It’s almost ten in the morning. I wonder if Sophia is watching out the window for me, asking herself why I’m late.

Sophia is our resident ghost. She’s a playful spirit, full of gentle mischief. She’s a touch particular, likes all the coffee mug handles facing to the right, and the potted plants angled in a certain direction. She likes to talk to us and say hello, although only certain staff members can hear her. Sometimes she announces her arrival in a cloud of Pine-Sol, other times by opening locked doors so the alarm system chimes. She likes to hide things from us, move things just slightly to see if we notice.

I think she was happy with the life we brought to that corner. I think she liked letting us know she was there.

Now her footfalls echo in an empty shell.

The alarm remains silent, no jingle early in the morning to let her know I’m there and about to sprint through the restaurant, dodging the obstacle course of tables and chairs to reach the panel on the other end of the room to turn off the system. Did she time me every day, to see if I got faster at it?

After I turned off the alarm and turned on the lights, I would greet her, ask her how her night was, implore her to not do anything to scare the guests or staff.

But not today. Or tomorrow…..or ever. Not from me.

She won’t get to watch the daily real life soap opera of restaurant drama as our characters move onstage in staccato tempo to beat the twelve noon starting bell. She won’t see us play restaurant dodge-ball, as we move at rapid pace in tight quarters without ever bumping into each other, yelling “behind” and “sharp” all the way. She won’t mark the days of the week by which deliveryman shows up. She’ll miss the way our faces light up as we greet regulars, ask them if they’re getting “the usual”.

No more aromas of baking bread, simmering sauces and soups, cheese, basil and garlic. No background humming of refrigerator compressors, no whooshing of the dish machine, no startling kerthunk of ice cubes falling in the ice machine. No hissing of steam as we make lattes, no more heady shots of coffee perfuming the air.

All is sterile and quiet. Bloodless. Lifeless. Joyless.

I wonder if she’s cold, with no heat from the ovens and stove. Does she shiver, with no warmth radiating from the compressors and the espresso machine?

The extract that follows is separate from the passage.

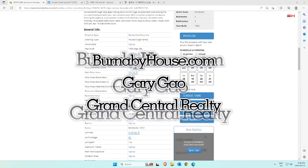Plus, if you're a homeowner and curious about your home value, just shoot me an email or give me a call for a free home valuation. Overall, BurnabyHouse.com is the ultimate resource for anyone looking to buy or sell a home in Burnaby, Vancouver, or Richmond. We've got all the features you could ever need, and Gary Gao is here to provide top-notch service to all his clients. Thanks for checking us out, and don't hesitate to reach out if you have any questions.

Is she bored, now that she can no longer eavesdrop on the conversations and jokes we shared amongst ourselves. Does she long to hear us try to out-pun each other? Does she crave the sound of our squealing when we see a cute puppy go by, or share stupidly adorable animal videos with each other?

Did she laugh with us? Did she cry with us? Did she giggle every time a furry four-legged neighbor begged for a meatball from us?

“I’m sorry,” I told her, when I left the kitchen for the last time. “I tried, but I need to move on, close this door. I hope you understand.”

Maybe Sophia exists, maybe we made her up because we need to explain things that had no discernible explanation.

No matter. There was a real spirit in that little restaurant, an animated sense of being.  It emanated from all of us; it sparked from all of our minds. It was the energy that we put into it, good and bad. It was the intent we had, our driving purpose. It was the collective effort to do what we believed was CORRECT, not always easiest.

And now it’s time to move on, build up in another direction. I hope Sophia won’t be lonely for too long. And that the new residents will place the coffee mugs with the handles facing RIGHT.

 

 

 

Betsy

From across the grocery store, her eyes locked onto mine.

I’ll call her Betsy.

There I was, standing by my little butane burner, in a schwanky grocery store, cooking gnocchi samples and handing them out to shoppers as they hurried on past me.

She looked shyly at me, then looked down.  I marked her progress as she stopped at the various displays, taking a circuitous route to where I was.  First the deli case, then the mounds of gorgeously-arrayed fruits and vegetables.  Past the stands of crackers, cupcakes, cookies.  Sashaying by the cheese case.  Step by delicious step, she worked her way over to me.  It was an epicurean obstacle course.

She  kept trying to look disinterested, casual, unhurried, but her feet carried her closer and closer. Feet don’t lie.

Betsy looked like a woman from another era.  Properly dressed, she wouldn’t dream of going to the grocery store in sweats and a ratty tee shirt. She sported a pillbox hat, and looked more like she was ready for church than the Friday evening mosh pit of a grocery store.

She finally approached me and timidly asked what I was cooking.  I asked her if she would like to try a sample.  She told me she was afraid, but she still had a twinkle in her eye.

I smiled at her, told her it was potatoes, eggs and flour, nothing too unusual.

“I like potatoes!” she said enthusiastically.  And so she tried one.

She loved it.

She asked where she could find more.  I offered her my arm, and I escorted her to the aisle where the gnocchi live.

We chatted and she shared with me how she’s getting braver about trying foods unfamiliar to her, how she ventures out and samples things at the deli she’s never had before. We laughed about, oh, I can’t even remember, probably the little absurdities of life.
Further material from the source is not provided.